_Instructions for the task:_
Exactly as written, reproduce the lines from the beginning of the data through the line containing "JoJo Maman Bébé"; the pictures are not reproduced.

_Record set:_
★ ★ ★ ★

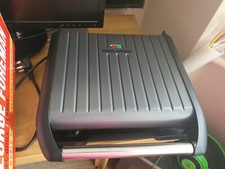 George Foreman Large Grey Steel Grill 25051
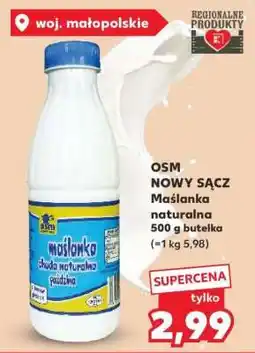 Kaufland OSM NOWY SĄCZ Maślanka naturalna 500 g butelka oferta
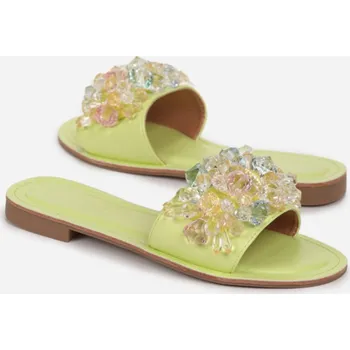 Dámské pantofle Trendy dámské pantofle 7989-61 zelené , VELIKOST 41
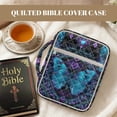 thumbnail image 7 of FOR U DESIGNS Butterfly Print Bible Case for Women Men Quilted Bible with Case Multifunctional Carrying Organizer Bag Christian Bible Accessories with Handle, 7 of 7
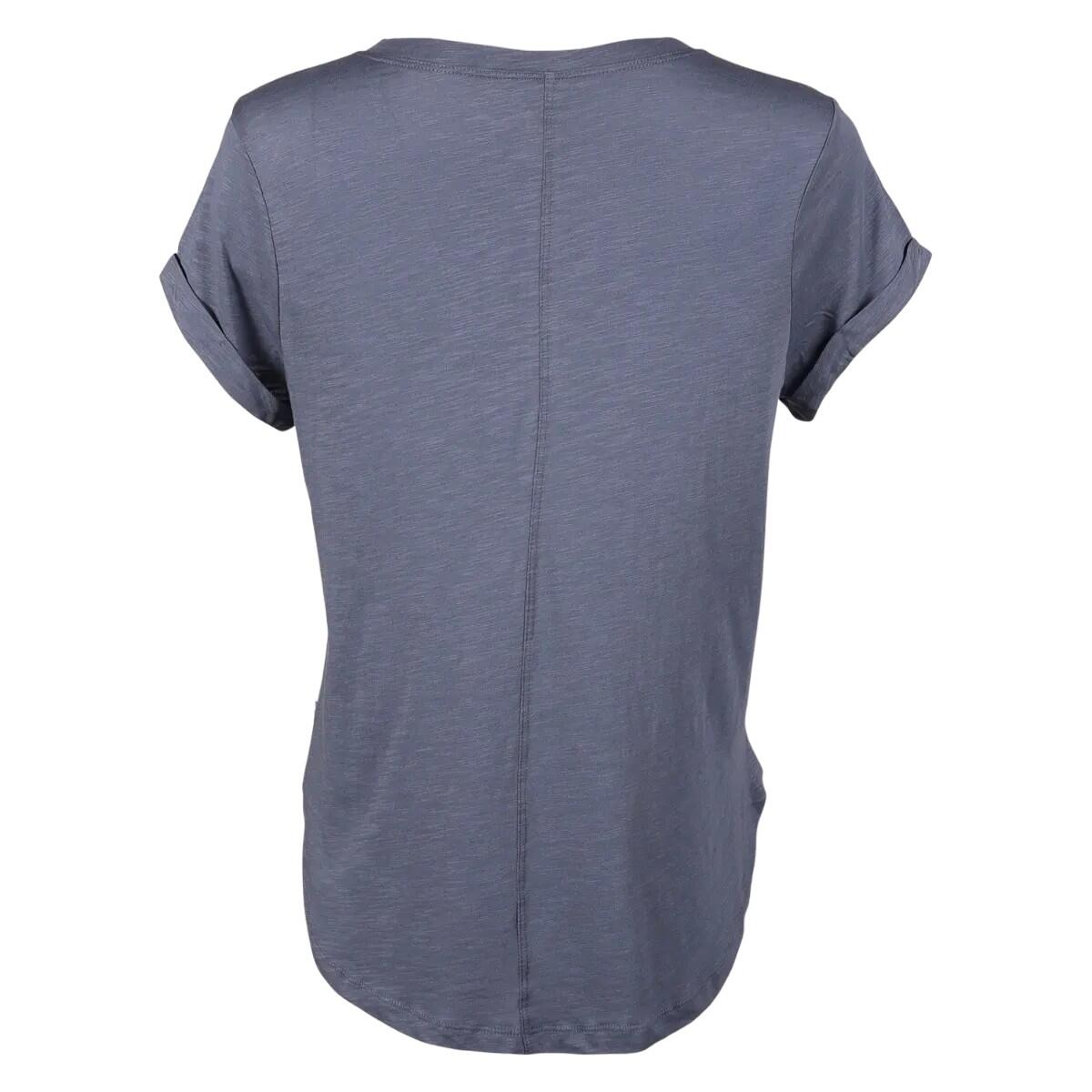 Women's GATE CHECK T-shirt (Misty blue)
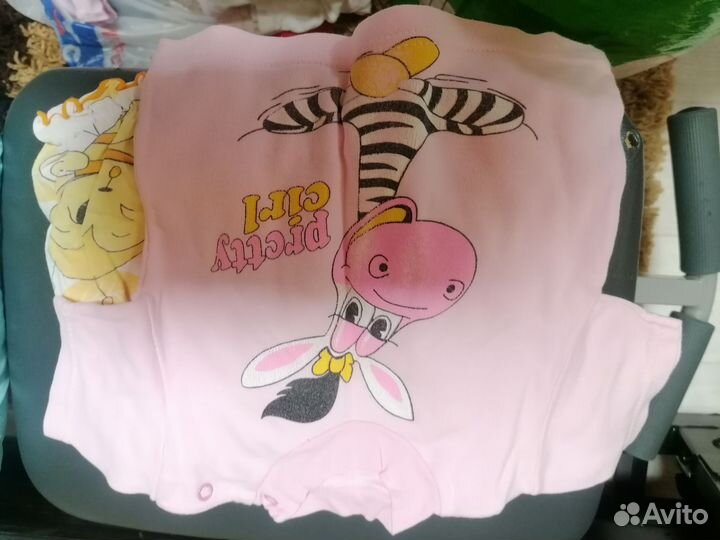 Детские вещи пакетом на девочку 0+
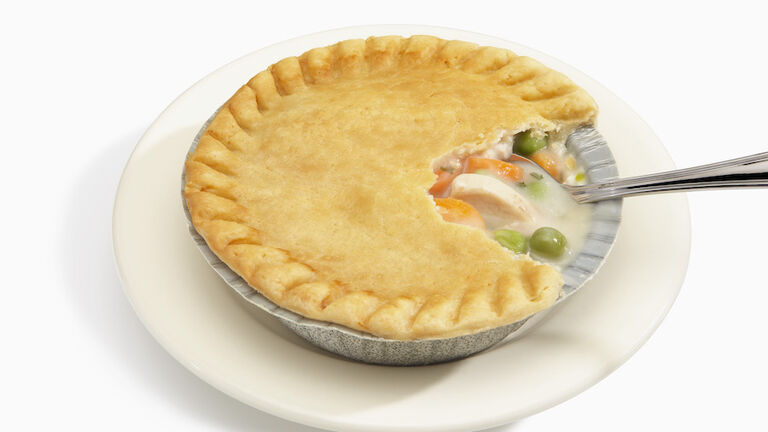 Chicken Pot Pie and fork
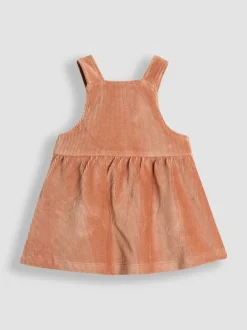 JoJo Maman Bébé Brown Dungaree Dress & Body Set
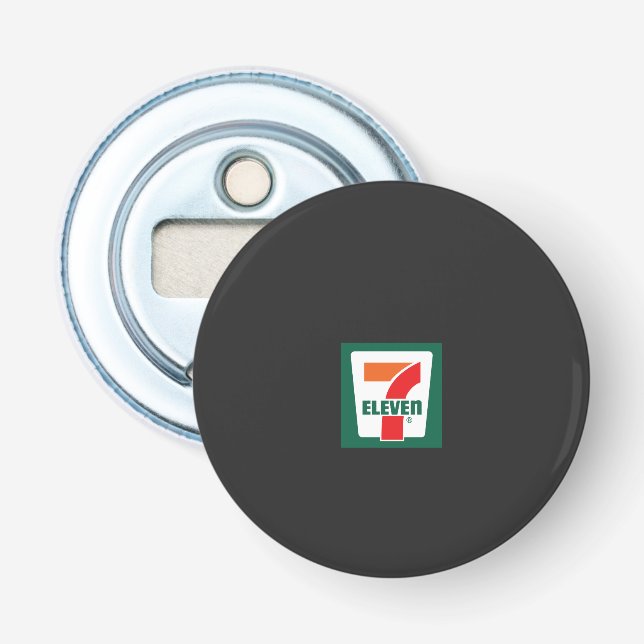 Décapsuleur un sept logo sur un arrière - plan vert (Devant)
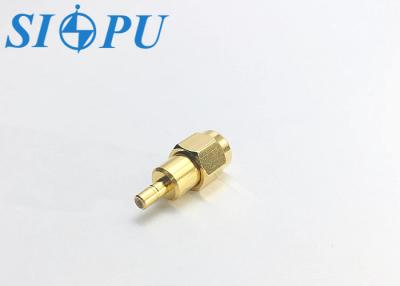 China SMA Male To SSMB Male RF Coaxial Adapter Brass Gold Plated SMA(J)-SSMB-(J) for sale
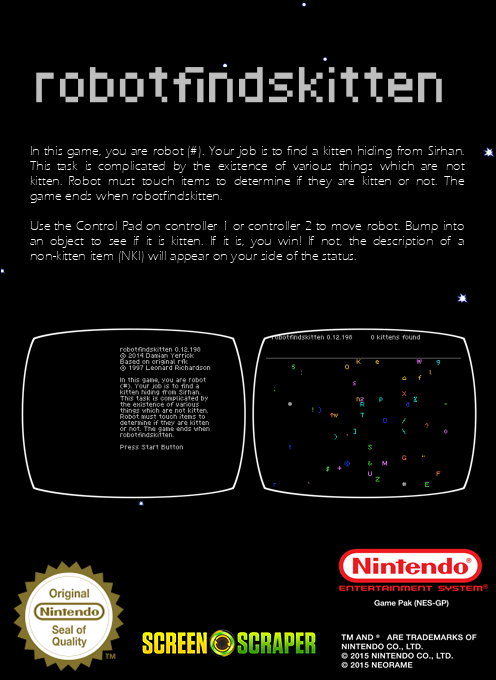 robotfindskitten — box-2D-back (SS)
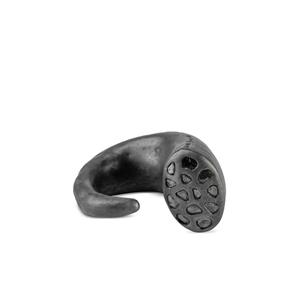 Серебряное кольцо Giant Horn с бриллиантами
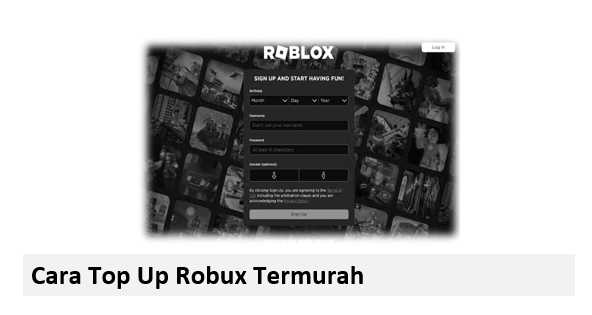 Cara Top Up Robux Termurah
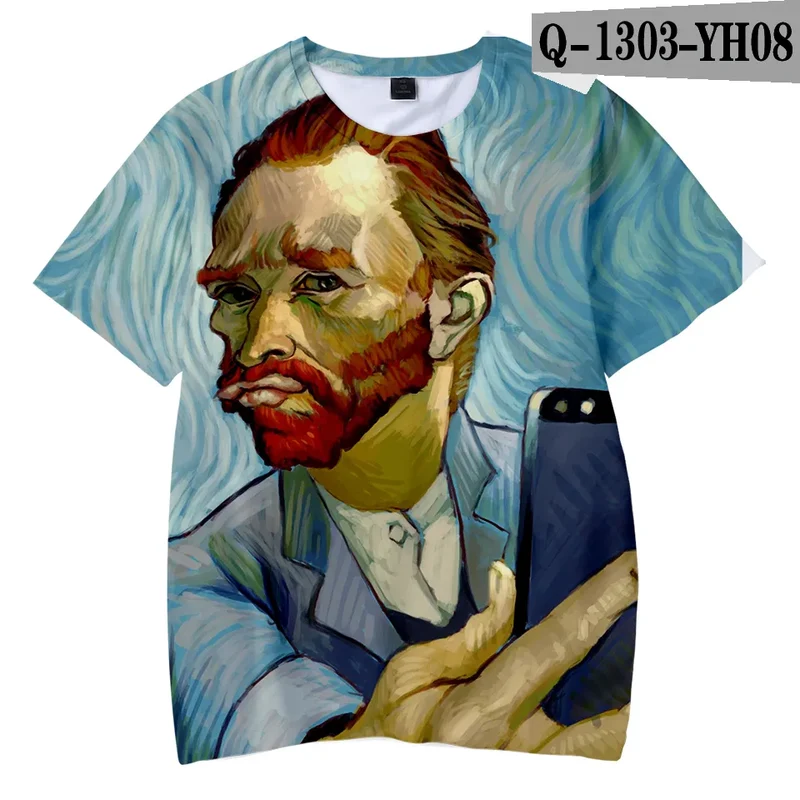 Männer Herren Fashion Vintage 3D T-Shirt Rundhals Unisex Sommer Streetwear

★ ★ ★ ★

_Completed exercise:_
 George Foreman Large Grey Steel Grill 25051
 Kaufland OSM NOWY SĄCZ Maślanka naturalna 500 g butelka oferta
 Dámské pantofle Trendy dámské pantofle 7989-61 zelené , VELIKOST 41
 thumbnail image 7 of FOR U DESIGNS Butterfly Print Bible Case for Women Men Quilted Bible with Case Multifunctional Carrying Organizer Bag Christian Bible Accessories with Handle, 7 of 7
 Women's GATE CHECK T-shirt (Misty blue)
 Детские вещи пакетом на девочку 0+
 Chicken Pot Pie and fork
 JoJo Maman Bébé Brown Dungaree Dress & Body Set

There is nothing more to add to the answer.